Kahimi Karie is working on her new album in a studio in Nakameguro. Although I'm not involved this time, I'm invited to drop by and listen. The album's being produced by Kanda and Koki Takai, seen here playing a short wave radio like a musical instrument. Koki is the man behind 'Metromusica', the fabulously minimalist track which begins Takako Minekawa's 1997 'Athletica' release.
Although her album will boast several songs by Philippe Katerine and one by Toog, Kahimi is writing many of the lyrics herself this time. She tells me it's been hard, after so many years of handing the writing chores to me, to try and make a song herself. The one she shows me, a French song about a trapeze artist who dreams that her parents have black blood, is pretty good; dark and melodramatic, very 'Wings of Desire'.
The tracks I hear are multi-layered free jazz workouts, saxophones blasting and improvising in big knots and clusters around Kahimi's reedy voice. Brigitte Fontaine's work with Art Ensemble of Chicago is clearly a reference. But this is more slick, less oblique and less dynamic than 'Comme A La Radio' or 'Brigitte Fontaine Est Folle'. Those records would cut back to very sparse passages where Brigitte's existentialist-revolutionary-surrealist poetry could come forcefully to the fore. But this sounds like a big wild jam session all the way through, with Kahimi poised precariously atop the maelstrom of soloing horns and guitars like the sugarplum fairy.
She tells me she's going to do a song from 'Carmen' too. Opera, free jazz, close harmony barbershop, radical chanson, SW radio and jazz rock... clearly the album isn't going to be short on classic Shibuya-kei -- uh, sorry, Nakame-kei -- genre fusion.
I also chat with Cornelius, who's currently working with the brilliant Haruomi Hosono (ex-YMO, executive producer of my favourite 80s retro pop classicist Miharu Koshi and label boss to Hirono Gutevolk Nishiyama) and will be playing guitar with Hosono's group Sketch Show in December.

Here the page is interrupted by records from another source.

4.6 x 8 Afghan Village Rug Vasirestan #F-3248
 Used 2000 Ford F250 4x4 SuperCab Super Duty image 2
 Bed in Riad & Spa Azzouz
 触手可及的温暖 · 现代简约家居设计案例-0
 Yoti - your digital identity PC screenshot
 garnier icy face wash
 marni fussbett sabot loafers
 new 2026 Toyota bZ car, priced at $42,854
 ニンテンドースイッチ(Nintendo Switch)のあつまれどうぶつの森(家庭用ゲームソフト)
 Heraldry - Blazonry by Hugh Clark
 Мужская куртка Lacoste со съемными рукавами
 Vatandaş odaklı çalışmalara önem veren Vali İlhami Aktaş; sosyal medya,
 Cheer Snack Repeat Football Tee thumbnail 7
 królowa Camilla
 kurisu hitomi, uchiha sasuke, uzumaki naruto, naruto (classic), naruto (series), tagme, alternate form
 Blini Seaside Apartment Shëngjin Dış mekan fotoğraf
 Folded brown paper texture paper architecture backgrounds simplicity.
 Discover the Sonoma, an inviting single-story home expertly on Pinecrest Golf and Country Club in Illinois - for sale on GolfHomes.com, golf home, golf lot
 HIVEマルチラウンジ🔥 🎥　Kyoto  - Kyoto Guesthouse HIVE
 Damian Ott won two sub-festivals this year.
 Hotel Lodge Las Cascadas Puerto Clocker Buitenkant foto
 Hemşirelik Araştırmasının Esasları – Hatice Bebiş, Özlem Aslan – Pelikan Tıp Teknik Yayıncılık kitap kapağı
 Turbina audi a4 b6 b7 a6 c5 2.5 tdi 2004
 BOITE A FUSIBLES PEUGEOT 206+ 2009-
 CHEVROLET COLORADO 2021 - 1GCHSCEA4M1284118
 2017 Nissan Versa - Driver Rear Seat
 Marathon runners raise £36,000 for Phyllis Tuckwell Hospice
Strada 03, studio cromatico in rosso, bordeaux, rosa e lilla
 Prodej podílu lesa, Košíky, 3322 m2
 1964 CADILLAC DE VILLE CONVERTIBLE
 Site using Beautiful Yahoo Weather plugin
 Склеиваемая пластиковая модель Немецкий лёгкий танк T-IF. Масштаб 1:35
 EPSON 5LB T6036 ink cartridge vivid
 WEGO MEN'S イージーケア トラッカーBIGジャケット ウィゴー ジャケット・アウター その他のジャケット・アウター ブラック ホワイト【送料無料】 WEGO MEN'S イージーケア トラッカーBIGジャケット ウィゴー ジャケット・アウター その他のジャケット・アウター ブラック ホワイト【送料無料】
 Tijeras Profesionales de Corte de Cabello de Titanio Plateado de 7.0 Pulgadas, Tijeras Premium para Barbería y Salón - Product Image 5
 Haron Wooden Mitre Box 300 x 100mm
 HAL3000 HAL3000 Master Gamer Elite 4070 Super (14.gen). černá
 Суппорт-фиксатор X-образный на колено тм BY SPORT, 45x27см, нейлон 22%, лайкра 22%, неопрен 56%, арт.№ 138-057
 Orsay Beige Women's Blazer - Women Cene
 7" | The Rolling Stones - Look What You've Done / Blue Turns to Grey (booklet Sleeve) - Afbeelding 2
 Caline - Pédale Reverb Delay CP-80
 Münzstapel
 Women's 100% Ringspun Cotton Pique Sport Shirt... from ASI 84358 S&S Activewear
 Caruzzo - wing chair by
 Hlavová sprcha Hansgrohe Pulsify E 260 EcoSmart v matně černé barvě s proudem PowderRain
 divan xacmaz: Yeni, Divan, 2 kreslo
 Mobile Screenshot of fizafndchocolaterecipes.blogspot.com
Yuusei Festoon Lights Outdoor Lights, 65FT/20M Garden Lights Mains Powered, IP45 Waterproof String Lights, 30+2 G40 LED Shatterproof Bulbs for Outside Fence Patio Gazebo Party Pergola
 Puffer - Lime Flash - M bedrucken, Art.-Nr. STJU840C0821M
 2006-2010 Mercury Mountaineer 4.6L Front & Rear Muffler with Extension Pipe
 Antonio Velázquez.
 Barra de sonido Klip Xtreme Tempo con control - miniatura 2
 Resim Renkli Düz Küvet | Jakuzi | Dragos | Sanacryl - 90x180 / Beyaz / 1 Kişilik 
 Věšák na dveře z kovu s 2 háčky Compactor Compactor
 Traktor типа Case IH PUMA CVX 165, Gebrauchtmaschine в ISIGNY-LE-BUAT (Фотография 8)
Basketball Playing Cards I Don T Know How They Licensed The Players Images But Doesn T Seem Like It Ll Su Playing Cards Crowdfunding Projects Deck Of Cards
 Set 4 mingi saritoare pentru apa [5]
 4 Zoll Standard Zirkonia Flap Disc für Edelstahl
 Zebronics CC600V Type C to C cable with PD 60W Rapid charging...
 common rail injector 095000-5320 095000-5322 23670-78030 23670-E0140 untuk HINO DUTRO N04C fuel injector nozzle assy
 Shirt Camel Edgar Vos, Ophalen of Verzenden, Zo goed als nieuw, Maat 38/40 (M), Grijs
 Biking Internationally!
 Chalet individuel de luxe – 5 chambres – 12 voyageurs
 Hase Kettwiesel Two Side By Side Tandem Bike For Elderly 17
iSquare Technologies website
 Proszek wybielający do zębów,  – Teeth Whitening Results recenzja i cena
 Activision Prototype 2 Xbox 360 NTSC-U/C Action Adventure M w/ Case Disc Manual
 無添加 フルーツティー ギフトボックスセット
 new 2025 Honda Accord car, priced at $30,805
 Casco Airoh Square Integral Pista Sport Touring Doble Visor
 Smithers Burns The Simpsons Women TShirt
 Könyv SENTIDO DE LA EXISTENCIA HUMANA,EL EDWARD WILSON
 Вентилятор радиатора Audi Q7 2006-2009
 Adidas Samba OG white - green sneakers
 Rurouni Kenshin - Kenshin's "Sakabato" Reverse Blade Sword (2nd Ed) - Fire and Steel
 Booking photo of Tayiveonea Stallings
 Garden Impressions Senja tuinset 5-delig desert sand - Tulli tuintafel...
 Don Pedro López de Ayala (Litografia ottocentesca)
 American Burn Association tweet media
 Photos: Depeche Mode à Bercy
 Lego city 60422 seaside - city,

He's also remixed some tracks from the forthcoming Beck album, a Dan The Automator-produced 'rock' record, and will soon be touring Australia for the first time.
He tells me Takako is currently working on some 'CM' -- commercial music for a car company. No other music is immediately imminent from her. Both these facts disappoint me. I'm a fan of Takako, but not of cars and their commercials.
Cornelius is a remarkably kind man. He gives me a copy of his new 5 inch vinyl single, 'I Love Love / I Hate Hate', which comes in an amazing origami sleeve. When I mention that I have no record player to play it on, he says 'Ah, wait a moment!' and comes back with another gift -- the limited edition transparent Cornelius record player he designed for Columbia.